Bu konuda SHGM ve DHMI’den başlamak üzere liderlik örneği gösterecek şirket
yönetimlerine de çok önemli rol düşmektedir.
Son
olarak da yaşanan olaylardan ders almak daha iyiye ve emniyetli uçuş ortamına
ulaşabilmek için bir ön şarttır.
Örneğin
UK
AAIB’nın Eylül 2010 bülteninde bir THY B777 uçağının Temmuz 2009’da Londra
hava sahasında karşılaştığı bir yakın geçme olayı hakkındaki (SHGM tarafından
ifade edildiği gibi soruşturma değil) araştırma raporu çok ilginç gerçekleri
ortaya çıkarmıştır.
(Yazının
tamamı için tıklayınız)
Cengiz Türkoğlu
London City University, Senior Lecturer, IOSA Denetçisi
Kasım-2010
- / -
Bu yazıyı hatırlamanız gerekir. Öyle okunup geçilecek bir
yazı değil. Bu nedenle sık sık yazarlarımızın yazılarına yer veriyor olmam,
onları önemsediğimden ve sizlerin de hatırlamanız, okumayanlarınız için de
erişebilmenizi sağlamak içindir.
Hacettepe Üniversitesinin ilk İstatistik öğrencisi iken
hocamız şöyle derdi:
“İstatistik sizi haklı da çıkarabilir, bitirebilir de!”.
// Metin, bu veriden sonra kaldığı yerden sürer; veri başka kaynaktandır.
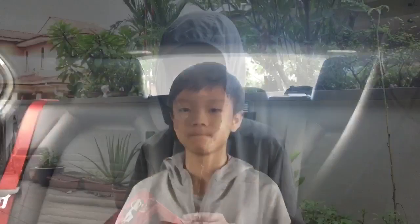Now I'm going to unbox the car. Let's make sure you get the package of the battery.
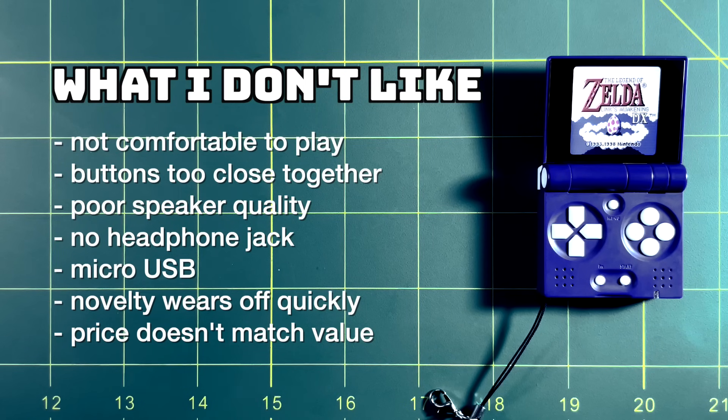Overall, I found that the novelty wore off very quickly with this device. It's very unique and fun to open and see how quickly it boots up, but the moment I started playing a game I wasn't having fun anymore. My overarching question is whether the price matches the value — and at $75 US, I found myself questioning that. As much as I love the novelty of this little device, I never found myself looking forward to playing it, and that's really unfortunate.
Bizde kendi anlayışımıza göre güncelleyerek “Ne
istatistiksiz kal, ne de istatistiğe inan!” diye okulun kafeteryasında kahve
içerken bu deyiş ile istatistiği yüceltmiştik!
Joseph Stalin – “A single death is a tragedy; a million deaths
is a statistic”.
Demek ki gerçek, sadece ve
sadece düşünenler için araştırılacak, sorgulanacak ve peşinde koşulurken sorumluluğu
kaçınılmayacak bir olgu.
Nevzat Tandoğan – “Bu memlekete komünizm gerekiyorsa ve komünizm yararlı bir şeyse onu da biz
getiririz, size ne oluyor?”
Düşünenlerin sorumluluktan
kaçınması olanaksızdır. “Düşün”, zaten sorumluluktan doğar.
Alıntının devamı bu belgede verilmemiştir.